On Fri, Apr 2, 2010 at 01:35, Philipp Marek <philipp.marek_at_emerion.com> wrote:
> Hello Greg,
> Hello Jan,
>
> On Donnerstag, 1. April 2010, Greg Stein wrote:
>> 2010/3/31 Jan Horák <horak.honza_at_gmail.com>:
>> > 30.3.2010 13:55, Philipp Marek wrote:
>> >...
>> >
>> >> * Furthermore, how about allowing the plain data to reside in files?
>> >> Would make the database much smaller, and then these data blocks
>> >> could possibly be shared among multiple repositories.
>> >> (Really easy, too, if they're named by their SHA1, for example).
>> >> That should allow for zero-copy IO, too (at least for sending data).
>> >
>> > The question is, how much faster it would be.. I would like to make a
>> > simple test to simulate this soon and estimate the percentage
>> > difference..
>>
>> My gut says "not that much faster". In most scenarios, the network
>> bandwidth between the client/server will be the bottleneck. Reading
>> the data off a disk (rather than from a DB) is not going to make the
>> WAN connection any faster.
>>
>> On a LAN, you might have enough network bandwidth to see bottlenecks
>> on the server's I/O channel, but really... I remain somewhat doubtful.
>
> It's not about the raw speed alone.
>
> Of course, having to tell a database which BLOBs to fetch (which might readily
> be stored out-of-line, eg. with PostGreSQL [pg_largeobject, TOAST]), getting
> them via a socket into a buffer, and writing the buffer to another socket,
> everything with protocol header adding/removing etc. *has* to be slower than a
> open()/sendfile()/close().
>
> It's a bit about latency (which might not be really an argument, as the
> database has to be queried anyway), and about CPU load.

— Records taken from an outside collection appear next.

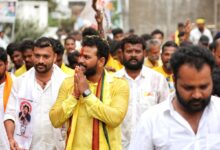 No change in stance on Muslim quota: TDP Union minister designate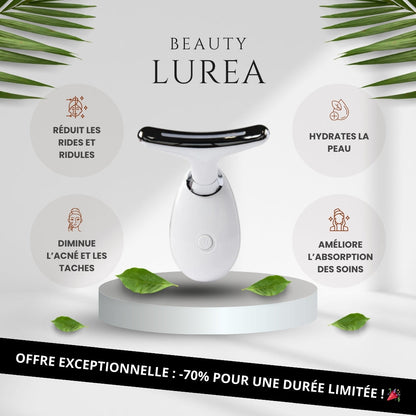 Sculpteur facial 7 en 1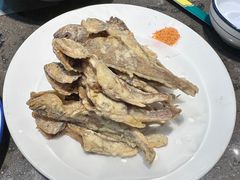 -德顺斋爆肚涮肉馆·烧烤·羊蝎子·清真炒菜(马驹桥店)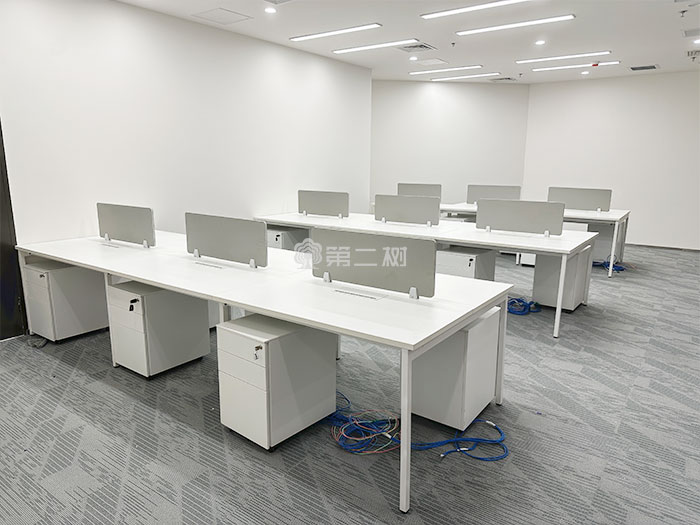 深圳某律师事务所办公家具采购案例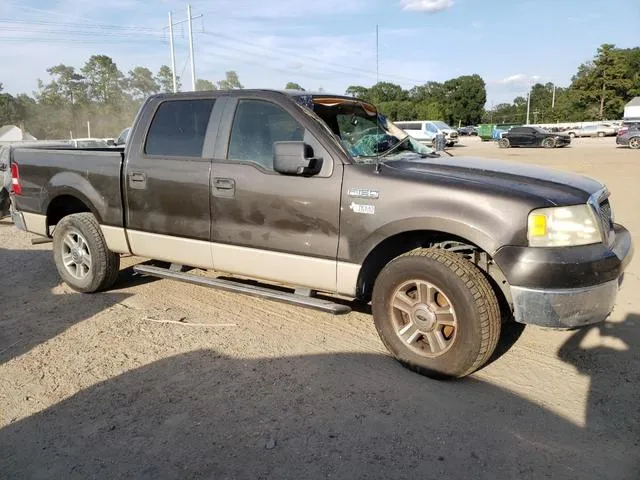 1FTRW12W37KB94325 2007 2007 Ford F-150- Supercrew 4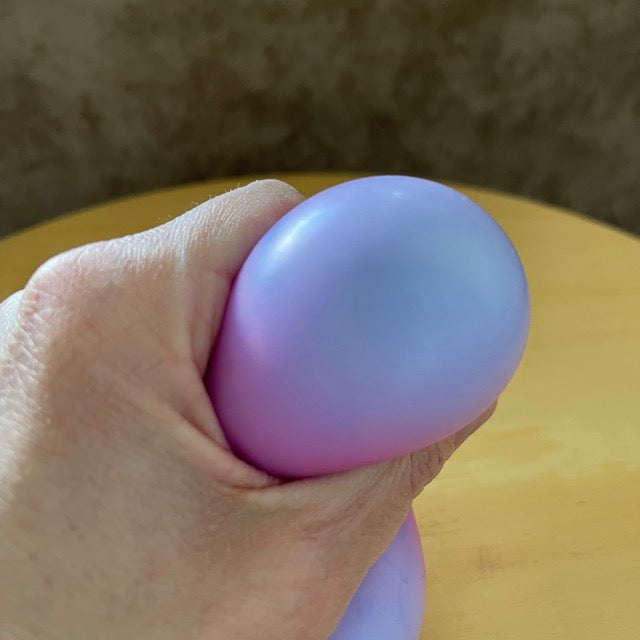 Doh Ball Squeeze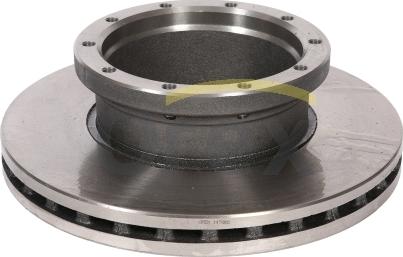 Orex 145001 - Disc frana aaoparts.ro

Possibly. If you're bottlenecked on the network, then your CPU load
will (by definition) not be an issue. You have CPU load to spare.
That's for a single user. If you scale up to multiple users, then yes:
minimizing the CPU will be important. Each needs to do some work, then
sit on the outbound network. But you have almost no CPU. You're
waiting on the disk or the RDBMS or the network.
> For small setups the HTTP server and the database will be on the same host; if
> we can increase the performance by 10% it means that 10% of all people won't
> need to buy a faster/larger server.
That doesn't follow.
>...
In any case... it is hard to truly say what will happen without some
data. There are lots of variables :-P
Cheers,
-g
Received on 2010-04-02 08:43:04 CEST